Incident ex artikelen 351 en 235 Rv in hoger beroep van een vordering tot betaling en schorsing van de tenuitvoerlegging

In deze zaak heeft het Gerechtshof 's-Hertogenbosch op 24 mei 2022 uitspraak gedaan in een incident dat was ingeleid door [appellant] in het kader van een hoger beroep tegen een vonnis van de kantonrechter van de rechtbank Oost-Brabant. [appellant] was in verzet gekomen tegen een verstekvonnis dat hem had veroordeeld tot betaling van een factuur aan Maatschap [L] c.s. Advocaten, hierna te noemen [geïntimeerde]. De vordering van [geïntimeerde] was gebaseerd op een onbetaalde factuur van € 3.591,28, die voortkwam uit een negatief cassatieadvies dat [geïntimeerde] had uitgebracht aan ICCS BV, waarvan [appellant] de bestuurder is.

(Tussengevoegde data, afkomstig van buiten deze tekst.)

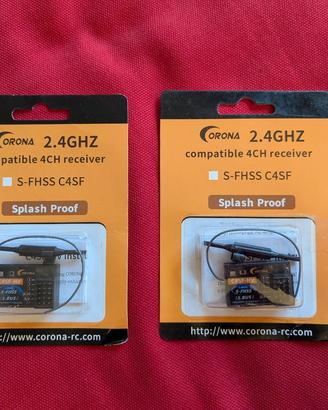 Riceventi Corona 2.4Ghz S-FHSS compatibile Futaba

Het hof heeft in het incident de vorderingen van [appellant] tot schorsing van de tenuitvoerlegging van het vonnis in verzet en tot zekerheidstelling afgewezen. Het hof overwoog dat [geïntimeerde] een gerechtvaardigd belang heeft bij de uitvoerbaarheid van het vonnis, terwijl [appellant] niet voldoende heeft aangetoond dat hij al aan de veroordeling had voldaan. De beslissing over de proceskosten is aangehouden tot de eindbeslissing in de hoofdzaak. De zaak staat op de rol voor het overleggen van een kopie van het procesdossier.

Uitspraak

GERECHTSHOF ’s-HERTOGENBOSCH

Team Handelsrecht
zaaknummer 200.296.225/01
arrest van 24 mei 2022
gewezen in het incident ex artikelen 351 en 235 Rv in de zaak van
[appellant],
wonende te [woonplaats] ,
appellant in de hoofdzaak,
eiser in het incident,
hierna te noemen: [appellant] ,
advocaat: mr. G.S. de Haas te Geertruidenberg,
tegen
Maatschap [L] c.s. Advocaten,
gevestigd te [vestigingsplaats] ,
geïntimeerde in de hoofdzaak,
verweerster in het incident,
hierna te noemen: [geïntimeerde] ,
advocaat: mr. A.C. van Schaick te Tilburg,
op het bij exploot van dagvaarding van 14 juni 2021 ingeleide hoger beroep van het vonnis in verzet van 18 maart 2021, door de kantonrechter van de rechtbank Oost-Brabant, zittingsplaats Eindhoven gewezen tussen [appellant] als eiser in verzet en [geïntimeerde] als gedaagde in verzet, en het daaraan voorafgegane verstekvonnis van 28 mei 2020, door de kantonrechter van de rechtbank Oost-Brabant, zittingsplaats Eindhoven gewezen tussen [geïntimeerde] als oorspronkelijke eiseres en [appellant] als oorspronkelijke gedaagde.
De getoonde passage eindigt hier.